Anyway, I’ve been doing more listening than reading lately. I have no Animal Collective takes, but if you liked their new album, please convince me to try it again.
— Ashley
let me tell you about this band
It’s hard to pinpoint the moment when Wet Leg really got me. It was long before I heard guitarist Hester Chambers say, “OK everyone, hold on to your buttholes,” in the middle of their NPR Tiny Desk performance, or when I saw whatever’s going on in this music video.
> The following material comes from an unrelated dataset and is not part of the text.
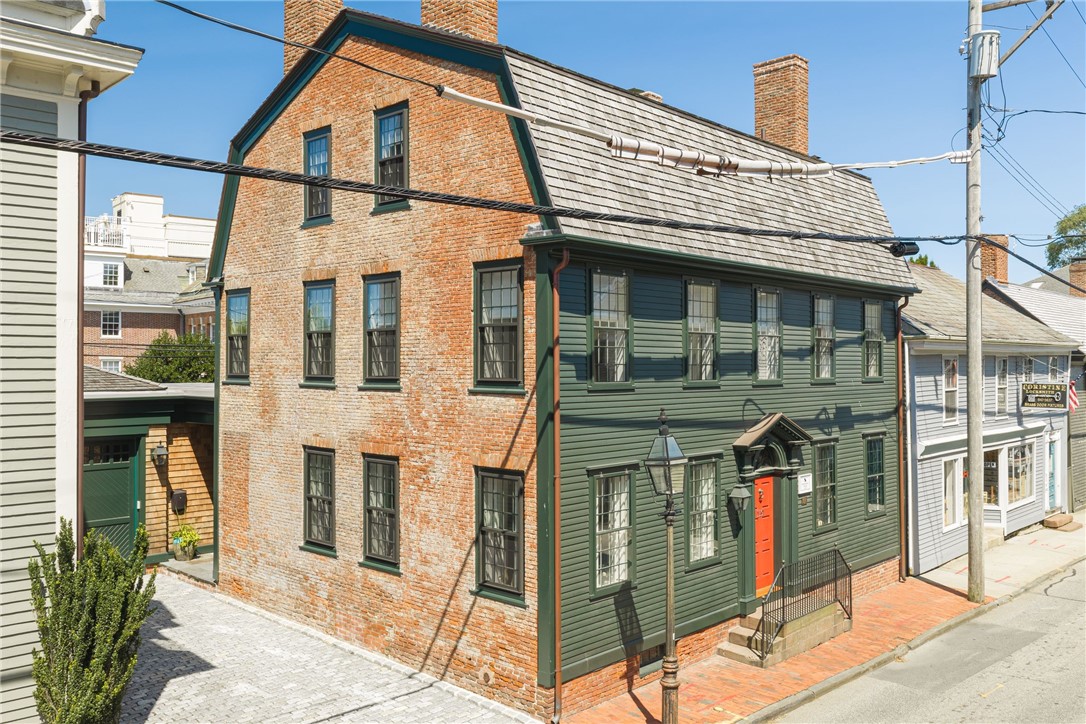 119 Spring Street Newport, RI 02840 - Photo 9 of 49 Gallery Image 9
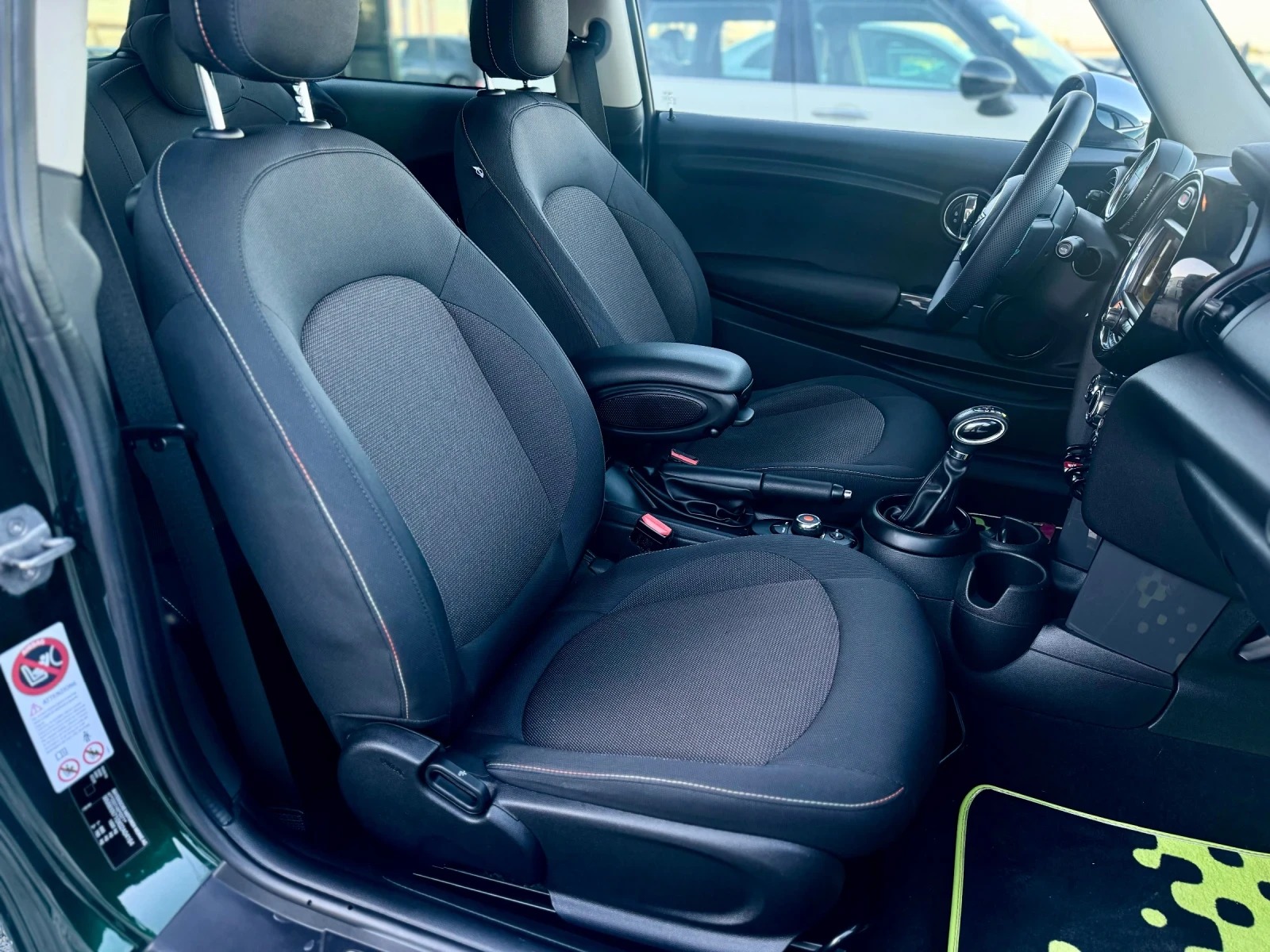 Mini Cooper  Automatic | Mobile.bg — изображение 12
Maybe it was when I heard “Chaise Lounge.” There’s just so much going on in their first single that it’s hard to resist breaking it down line by line, lick by lick. Here are the first lyrics Wet Leg released to the wide world:
Mommy, daddy, look at me
I went to school and I got a degree
All my frends call it the “big D”
I went to school and I got the big D
I got the big D
I got the big D
I got the big D
I went to school and I got the big D
If you haven’t just stopped reading to go listen to the band that started a song by letting mom and dad know they had sex, I’ll add that this is all delivered in Rhian Teasdale’s very British deadpan. That first sentence spans a solid 16 beats.
Over the driving baseline, we move on to a Mean Girls reference.
Is your muffin buttered?
Would like us to assign someone to butter your muffin?
They’ll later put their own twist on the joke — “Is your mother worried? Would you like us to assign someone to worry your mother?” — but not before giving us the hypnotizing chorus:
On chaise lounge, on the chaise lounge, on the chaise lounge, all day long, on the chaise lounge.
You’re just going to have to play it to hear what I mean when I say this is some kind of low-enunciation meditation mantra made possible by a British accent. The song is just three minutes and 19 seconds long but maybe you’ll find some kind of zen eternity in the chant and the rise and fall of the guitar riff.
We’ve got just four chewy little bites of Wet Leg right now and I’m on them like a cokehead on gum. In fact it’s tempting to verbally chomp on each of them right here, but no one wants the play-by-play.
The whole package, though — it’s sweet and sour and savory and salty. I’m charmed by the reverb-y chime of Chambers’ guitar on “Too Late Now,” and the moment when everything but the hi-hat drops out and Teasdale flatly tells us “Now everything is going wrong / I think I changed my mind again / I’m not sure if this is a song / I don’t know what I’m saying.” I’m hooked on the crunchy, downbeat-hammering insistence of “Oh No.” And I’m smiling when Teasedale sings, “What makes you think you’re good enough to think about when you’re touching yourself,” on “Wet Dream.” (“I got the big D” is not their only act of taunting in repetition. She repeats “touching yourself” five times, twice.) We don’t have the album or even an EP, but it’s a perfect little collection of songs to let play on repeat.
Wet Leg starts touring the U.S. in March and releases their album April 8.
let me tell you about this song
Yes, hello, my Mitski brain has logged on.
Finally, the entirety of Laurel Hell is at our fingertips and in our ears. I’ve said a lot about the singles in this newsletter so lemme just zero in on “Stay Soft” for a second.
This is some extremely Mitski shit and I think you should listen to it right now.
“Open up your heart,” she says, “like the gates of hell.”
Yes ma’am.
The trick of this song is how it’s soaring and wide open and vulnerable and the core message is “stay soft, get eaten, only natural to harden up.”
The tick of this album is that Mitski had decided to quit the music business, realized she was contractually obligated to make one more album, and instead of phoning it in, reinvented herself one more time and hit us with a series of arty interpretive-dance-ish videos and the line, “If you would just make one mistake, what a relief that would be.”
let me tell you about this cat
Cleo works at the garden shop and Cleo has had enough of you.
She knows you were in here yesterday bothering a different cat with your attempts to haggle. She is not coming down on the price of Happy Frog Potting Soil. This is a friendly independent local garden shop but that doesn’t mean they don’t operate under capitalism. Do you understand? Things cost what they cost.
Oh you want to speak to the manager? She’s the older woman behind the other counter in the Yankees hat. You can ask her about Mickey Mantle or you can complain about a cat. One option will get you a charming little joke about her sexuality and the other will save you 65 cents on the automatic rounding-up she normally does to feed the cats. Either way you’ll pay the full sticker price for that soil and Cleo will still sleep like a soft and perfect angel.